◆ **Task item**
Please read the records below and return each line holding the string "photo".

Records shown: Begin

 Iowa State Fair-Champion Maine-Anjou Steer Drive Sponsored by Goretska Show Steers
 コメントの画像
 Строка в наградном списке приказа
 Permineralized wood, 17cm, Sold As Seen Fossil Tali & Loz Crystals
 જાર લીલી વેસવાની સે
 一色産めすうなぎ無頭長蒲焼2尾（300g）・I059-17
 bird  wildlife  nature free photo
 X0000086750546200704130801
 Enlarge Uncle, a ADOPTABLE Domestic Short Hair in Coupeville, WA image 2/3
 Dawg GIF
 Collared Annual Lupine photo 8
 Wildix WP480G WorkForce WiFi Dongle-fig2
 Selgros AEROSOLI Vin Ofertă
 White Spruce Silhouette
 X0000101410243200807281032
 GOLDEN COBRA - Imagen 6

Records shown: End

◆ **Written answer**
 bird  wildlife  nature free photo
 Collared Annual Lupine photo 8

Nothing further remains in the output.